05 Nov 2015 13:40pm
WINDHOEK, 05 NOV (NAMPA) Discussions are underway between the Bank of Namibia (BoN) and Banco Nacional de Angola (BNA) on the current inflated exchange rate of 40 per cent between the Kwanza and Namibian Dollar.
The BoN's Governor Ipumbu Shiimi announced this during a media briefing here on Wednesday while addressing concerns regarding the high exchange rate under the Currency Conversion Agreement which stands at 40 per cent.
The BoN and BNA implemented the Currency Conversion Agreement on 18 August 2015 to allow for the direct exchange of two currencies at the border towns of Oshikango and Santa Clara in Angola.
The aim of the agreement is to promote trade and reduce transaction costs for individuals and small businesses when paying goods and services at the two border towns.
The agreement is aimed at enabling the reciprocal acceptance of legal tender banknotes in Namibia and Angola by legally authorised financial institutions to conduct foreign currency exchange operations at the two border towns.
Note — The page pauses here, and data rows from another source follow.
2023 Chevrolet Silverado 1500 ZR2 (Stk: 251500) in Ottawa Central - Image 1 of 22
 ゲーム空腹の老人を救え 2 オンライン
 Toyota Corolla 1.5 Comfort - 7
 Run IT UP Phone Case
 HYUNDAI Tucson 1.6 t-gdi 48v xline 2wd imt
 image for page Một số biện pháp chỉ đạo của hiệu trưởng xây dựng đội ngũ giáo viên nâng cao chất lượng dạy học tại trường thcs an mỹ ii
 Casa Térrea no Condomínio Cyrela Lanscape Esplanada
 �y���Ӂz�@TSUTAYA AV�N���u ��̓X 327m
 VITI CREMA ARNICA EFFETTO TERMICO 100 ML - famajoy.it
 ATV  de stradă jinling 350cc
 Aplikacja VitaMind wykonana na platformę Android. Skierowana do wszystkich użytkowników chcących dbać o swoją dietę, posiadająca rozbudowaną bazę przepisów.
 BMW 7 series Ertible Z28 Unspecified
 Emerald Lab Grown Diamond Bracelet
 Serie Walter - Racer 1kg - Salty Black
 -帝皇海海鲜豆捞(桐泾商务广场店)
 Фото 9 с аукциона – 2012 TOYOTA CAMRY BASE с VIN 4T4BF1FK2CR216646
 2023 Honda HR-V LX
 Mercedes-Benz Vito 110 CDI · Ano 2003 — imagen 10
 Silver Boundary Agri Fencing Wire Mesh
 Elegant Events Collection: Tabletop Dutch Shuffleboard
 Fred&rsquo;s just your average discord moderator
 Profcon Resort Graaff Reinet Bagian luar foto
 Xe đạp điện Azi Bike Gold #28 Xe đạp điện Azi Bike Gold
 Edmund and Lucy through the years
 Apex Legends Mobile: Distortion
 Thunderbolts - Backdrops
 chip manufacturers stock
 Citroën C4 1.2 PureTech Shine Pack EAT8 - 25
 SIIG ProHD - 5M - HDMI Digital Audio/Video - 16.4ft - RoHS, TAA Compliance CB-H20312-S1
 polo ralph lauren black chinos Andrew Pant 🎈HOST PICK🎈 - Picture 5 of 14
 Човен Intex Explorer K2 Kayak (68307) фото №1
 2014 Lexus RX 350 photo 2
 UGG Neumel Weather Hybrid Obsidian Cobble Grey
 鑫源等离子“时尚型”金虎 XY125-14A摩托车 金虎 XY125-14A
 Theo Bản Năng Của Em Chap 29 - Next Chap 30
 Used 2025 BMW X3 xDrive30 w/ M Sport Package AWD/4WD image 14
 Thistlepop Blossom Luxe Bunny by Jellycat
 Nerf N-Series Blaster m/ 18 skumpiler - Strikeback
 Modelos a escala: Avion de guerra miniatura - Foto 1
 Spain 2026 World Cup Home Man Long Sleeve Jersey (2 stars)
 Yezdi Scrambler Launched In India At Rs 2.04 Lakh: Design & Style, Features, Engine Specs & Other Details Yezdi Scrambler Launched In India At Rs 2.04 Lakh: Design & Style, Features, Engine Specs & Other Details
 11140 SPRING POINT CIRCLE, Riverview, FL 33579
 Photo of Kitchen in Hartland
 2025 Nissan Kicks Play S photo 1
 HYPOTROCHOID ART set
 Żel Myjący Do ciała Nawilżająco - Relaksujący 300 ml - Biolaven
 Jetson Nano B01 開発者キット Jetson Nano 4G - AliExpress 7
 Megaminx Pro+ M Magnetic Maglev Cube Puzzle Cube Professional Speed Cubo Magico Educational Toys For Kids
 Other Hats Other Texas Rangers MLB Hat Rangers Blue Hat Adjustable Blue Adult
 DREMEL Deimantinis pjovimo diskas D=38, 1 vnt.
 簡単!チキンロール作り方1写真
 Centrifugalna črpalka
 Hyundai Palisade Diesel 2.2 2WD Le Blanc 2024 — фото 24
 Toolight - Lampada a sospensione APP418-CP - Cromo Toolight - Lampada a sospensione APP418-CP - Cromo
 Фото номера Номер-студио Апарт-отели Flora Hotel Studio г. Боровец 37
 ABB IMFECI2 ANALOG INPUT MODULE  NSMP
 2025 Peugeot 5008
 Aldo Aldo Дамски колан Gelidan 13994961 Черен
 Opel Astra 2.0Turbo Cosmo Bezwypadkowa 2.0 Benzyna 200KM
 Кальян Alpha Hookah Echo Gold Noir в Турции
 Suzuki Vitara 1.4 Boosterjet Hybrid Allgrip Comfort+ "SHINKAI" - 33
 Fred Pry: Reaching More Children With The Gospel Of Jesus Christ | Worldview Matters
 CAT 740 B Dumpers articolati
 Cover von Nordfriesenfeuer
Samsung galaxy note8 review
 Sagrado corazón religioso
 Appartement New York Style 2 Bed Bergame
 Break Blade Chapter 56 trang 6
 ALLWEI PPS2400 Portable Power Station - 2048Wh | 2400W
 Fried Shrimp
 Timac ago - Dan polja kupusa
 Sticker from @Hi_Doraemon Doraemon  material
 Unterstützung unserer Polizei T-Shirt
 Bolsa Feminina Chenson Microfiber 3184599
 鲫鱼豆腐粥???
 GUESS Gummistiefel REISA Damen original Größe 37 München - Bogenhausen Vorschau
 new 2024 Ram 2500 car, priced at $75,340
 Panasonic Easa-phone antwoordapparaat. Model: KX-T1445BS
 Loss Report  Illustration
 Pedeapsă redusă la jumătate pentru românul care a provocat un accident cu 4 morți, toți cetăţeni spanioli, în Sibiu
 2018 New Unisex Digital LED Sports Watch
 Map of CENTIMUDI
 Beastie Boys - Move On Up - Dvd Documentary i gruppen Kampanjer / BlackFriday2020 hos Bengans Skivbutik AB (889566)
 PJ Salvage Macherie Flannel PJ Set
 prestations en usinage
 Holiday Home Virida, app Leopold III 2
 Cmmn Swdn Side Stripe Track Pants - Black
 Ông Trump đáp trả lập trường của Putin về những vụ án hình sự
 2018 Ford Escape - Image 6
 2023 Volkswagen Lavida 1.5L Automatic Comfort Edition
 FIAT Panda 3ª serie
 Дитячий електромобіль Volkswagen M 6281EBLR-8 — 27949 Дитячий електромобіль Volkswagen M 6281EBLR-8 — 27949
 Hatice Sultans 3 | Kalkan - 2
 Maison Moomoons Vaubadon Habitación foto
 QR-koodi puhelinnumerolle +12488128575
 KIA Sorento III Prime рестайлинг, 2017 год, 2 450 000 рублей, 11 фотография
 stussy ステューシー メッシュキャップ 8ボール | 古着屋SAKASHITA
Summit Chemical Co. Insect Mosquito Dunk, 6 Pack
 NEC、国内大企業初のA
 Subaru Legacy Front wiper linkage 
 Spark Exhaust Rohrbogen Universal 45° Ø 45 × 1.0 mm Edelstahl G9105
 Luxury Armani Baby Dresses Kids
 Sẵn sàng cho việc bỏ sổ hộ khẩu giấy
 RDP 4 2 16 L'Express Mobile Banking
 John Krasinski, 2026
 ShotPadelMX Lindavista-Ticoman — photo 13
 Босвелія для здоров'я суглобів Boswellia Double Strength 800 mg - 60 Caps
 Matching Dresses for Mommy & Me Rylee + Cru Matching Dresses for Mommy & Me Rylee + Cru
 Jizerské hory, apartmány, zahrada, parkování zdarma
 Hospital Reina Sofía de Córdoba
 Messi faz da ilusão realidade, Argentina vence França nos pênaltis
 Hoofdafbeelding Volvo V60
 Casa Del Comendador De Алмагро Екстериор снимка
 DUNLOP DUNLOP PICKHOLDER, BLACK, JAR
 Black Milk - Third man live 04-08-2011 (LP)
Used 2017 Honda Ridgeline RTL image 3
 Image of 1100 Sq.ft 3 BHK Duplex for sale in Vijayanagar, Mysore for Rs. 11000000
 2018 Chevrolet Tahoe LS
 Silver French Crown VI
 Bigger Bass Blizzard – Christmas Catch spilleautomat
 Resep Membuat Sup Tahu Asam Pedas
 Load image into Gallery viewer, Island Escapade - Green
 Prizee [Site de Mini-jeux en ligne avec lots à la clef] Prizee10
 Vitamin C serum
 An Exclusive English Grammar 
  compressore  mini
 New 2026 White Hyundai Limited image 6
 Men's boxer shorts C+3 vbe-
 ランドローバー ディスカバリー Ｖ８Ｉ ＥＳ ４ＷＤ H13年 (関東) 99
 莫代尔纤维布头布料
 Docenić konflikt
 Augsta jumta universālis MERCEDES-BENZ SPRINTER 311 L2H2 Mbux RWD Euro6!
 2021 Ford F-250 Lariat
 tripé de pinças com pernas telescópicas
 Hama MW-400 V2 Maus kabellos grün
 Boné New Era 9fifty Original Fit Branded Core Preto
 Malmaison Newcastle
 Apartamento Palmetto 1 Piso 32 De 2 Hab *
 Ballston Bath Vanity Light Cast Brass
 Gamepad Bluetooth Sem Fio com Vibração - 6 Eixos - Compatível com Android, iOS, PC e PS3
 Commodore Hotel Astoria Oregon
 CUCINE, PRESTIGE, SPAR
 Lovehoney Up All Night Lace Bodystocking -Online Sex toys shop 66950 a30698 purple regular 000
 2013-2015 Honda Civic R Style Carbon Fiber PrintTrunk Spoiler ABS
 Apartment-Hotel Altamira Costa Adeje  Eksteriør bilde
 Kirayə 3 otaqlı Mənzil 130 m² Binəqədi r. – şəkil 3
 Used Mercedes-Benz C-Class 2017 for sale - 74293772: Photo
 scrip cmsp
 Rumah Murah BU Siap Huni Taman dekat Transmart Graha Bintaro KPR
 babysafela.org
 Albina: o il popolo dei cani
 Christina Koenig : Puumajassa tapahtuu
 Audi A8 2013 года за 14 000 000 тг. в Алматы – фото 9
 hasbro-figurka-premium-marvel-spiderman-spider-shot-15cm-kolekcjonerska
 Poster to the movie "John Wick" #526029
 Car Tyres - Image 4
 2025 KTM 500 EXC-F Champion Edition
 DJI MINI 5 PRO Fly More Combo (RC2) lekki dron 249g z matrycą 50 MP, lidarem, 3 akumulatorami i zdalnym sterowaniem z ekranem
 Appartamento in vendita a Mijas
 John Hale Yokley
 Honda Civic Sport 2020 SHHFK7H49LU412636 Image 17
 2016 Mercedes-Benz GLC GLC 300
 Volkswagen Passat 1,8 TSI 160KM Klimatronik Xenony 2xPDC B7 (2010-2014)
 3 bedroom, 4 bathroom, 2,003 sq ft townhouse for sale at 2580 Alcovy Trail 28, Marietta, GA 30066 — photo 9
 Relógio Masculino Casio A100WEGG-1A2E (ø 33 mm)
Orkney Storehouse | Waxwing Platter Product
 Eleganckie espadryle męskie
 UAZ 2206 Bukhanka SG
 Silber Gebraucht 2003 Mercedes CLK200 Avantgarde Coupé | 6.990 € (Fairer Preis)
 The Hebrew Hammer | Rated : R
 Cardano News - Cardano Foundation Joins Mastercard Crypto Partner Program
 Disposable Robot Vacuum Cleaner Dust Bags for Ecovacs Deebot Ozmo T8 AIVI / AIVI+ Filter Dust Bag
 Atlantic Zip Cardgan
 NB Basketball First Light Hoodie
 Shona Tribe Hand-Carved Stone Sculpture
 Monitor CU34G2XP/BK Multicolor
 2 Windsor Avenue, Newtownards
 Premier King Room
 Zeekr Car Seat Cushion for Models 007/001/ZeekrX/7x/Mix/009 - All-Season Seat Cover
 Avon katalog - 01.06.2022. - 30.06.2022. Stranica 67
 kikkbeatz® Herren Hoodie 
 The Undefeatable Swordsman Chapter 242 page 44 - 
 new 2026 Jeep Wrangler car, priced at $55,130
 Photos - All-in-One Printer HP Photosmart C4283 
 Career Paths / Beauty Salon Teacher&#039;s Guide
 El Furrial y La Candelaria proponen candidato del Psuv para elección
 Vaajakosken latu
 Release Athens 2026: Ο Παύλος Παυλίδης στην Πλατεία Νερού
It is also aimed at promoting and facilitating trade between Namibia and Angola.
Currently, one Namibian Dollar is equal to about Kwanza 10 (9.69).
We agree that as Namibians we would wish our currency to be competitive relative to the Kwanza to attract more Angolan customers to Namibia, Shiimi said.
The Governor said Kwanza exchanged at commercial banks will be repatriated to Angola and the BoN will be paid in United States Dollars (USD).
He added that the bank has raised this issue with the BNA and it is under discussion.
However, we would also like to stress that Angola as sovereign state is within her full right to set the exchange rate at the level she sees fit to prevent unnecessary outflow of foreign exchange from Angola, he said.
Shiimi said the BoN respects views and welcomes advice from its stakeholders with the view to make the Currency Conversion Agreement work better to promote trade between two nations.
The Governor said the public will be informed of the outcome of the discussion, once concluded.